Dibaca Normal
Oleh: Muammar
(Mahasiswa Pascasarjana Ilmu Hukum Universitas Muhammadiyah Malang)
Salah satu issu yang sedang banyak dibicarakan dan diperdebatkan oleh para masyarakat dan khususnya partai politik pasca pemilu adalah persoalah perebutan jatah menteri. Isu ini sangatlah panas hingga memicu perdebatan dingin antara sesame partai pendukung Jokowi-Amin.
Perebutan jatah menteri olah para partai politik pendukung Presiden terpilih, kini telah dipertontonkan kepada publik seakan kepentingan rakyat sudah tidak terpikirkan lagi oleh para elit-elit partai politik. Rakyat merasa dibohongi dengan janji-janji manis para elit partai politik pada masa kampanye yang lalu. Namun kini kepentingan rakyat tersebut seolah bukanlah sesuatu yang urgen untuk dibicarakan secara serius, mereka para elit partai politik terus memperdebatkan kepentingan itu untuk mendapat keuntungan yang lebih dalam struktur kekuasaan.
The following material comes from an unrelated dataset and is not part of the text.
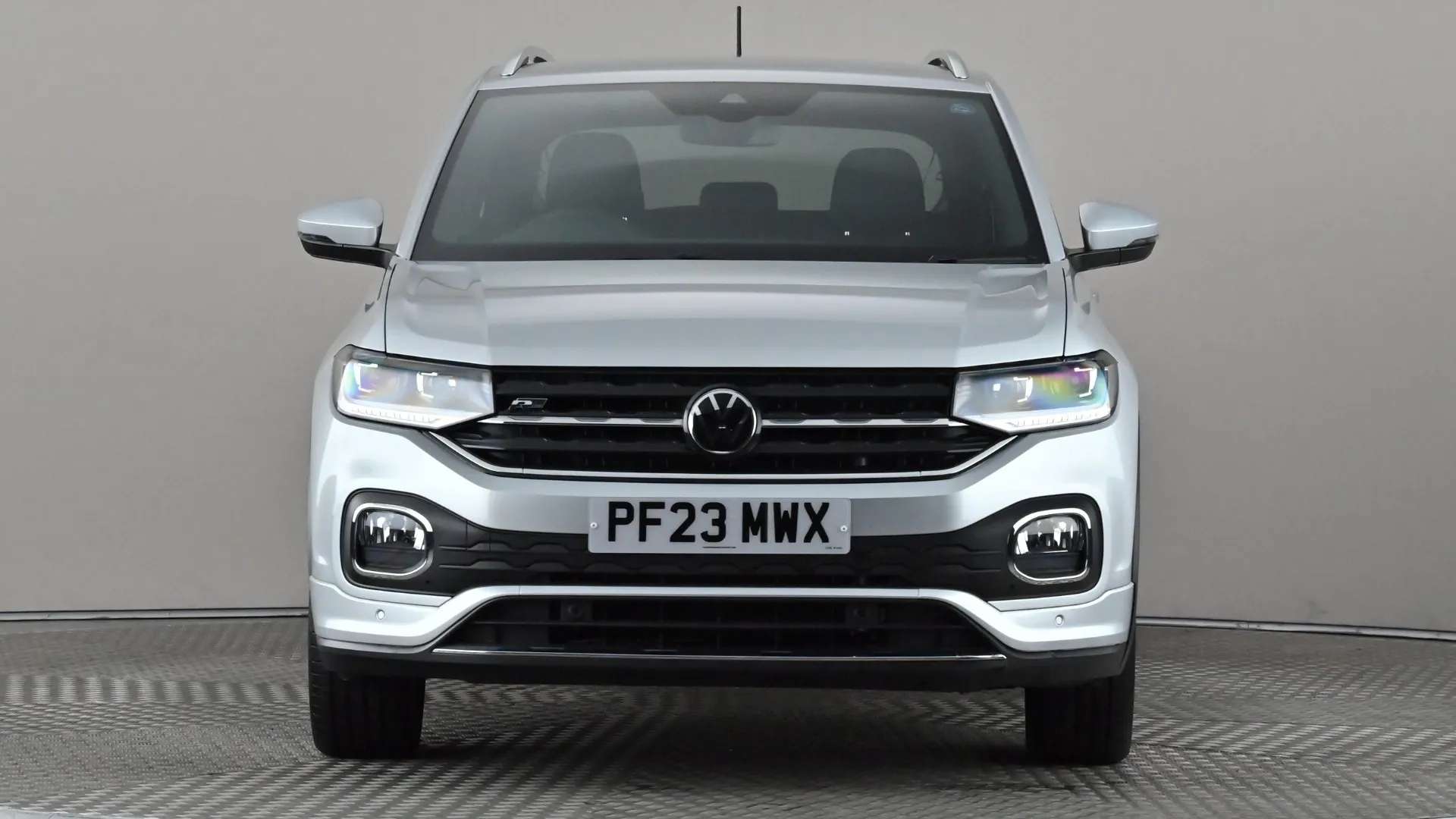 A 2023 VOLKSWAGEN T-CROSS 1.0 TSI 110 R-Line DSG A 2023 VOLKSWAGEN T-CROSS 1.0 TSI 110 R-Line DSG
Perebutan jatah menteri dalam kabinet Joko Widodo- Ma’ruf Amin bukanlah lagi rahasia koalisi partai pendukung, akan tetapi telah menjadi rahasia umum. Hal itu terlihat beberapa partai yang sangatlah aktif memperjuangkan hal tersebut, bahkan ada partai yang memeinta 10jatah menteri dan ada juga yang dalam kongres partai secara terang terangan meminta jatah menteri labih banyak dari pada partai lain. Perebutan jatah menteri tidak hanya terjadi anatara para partai politik pendukung saja, akan tetapi ada juga ormas-ormas pendukung yang meminta jatah menteri dari presiden petahanan terpilih Joko Widodo.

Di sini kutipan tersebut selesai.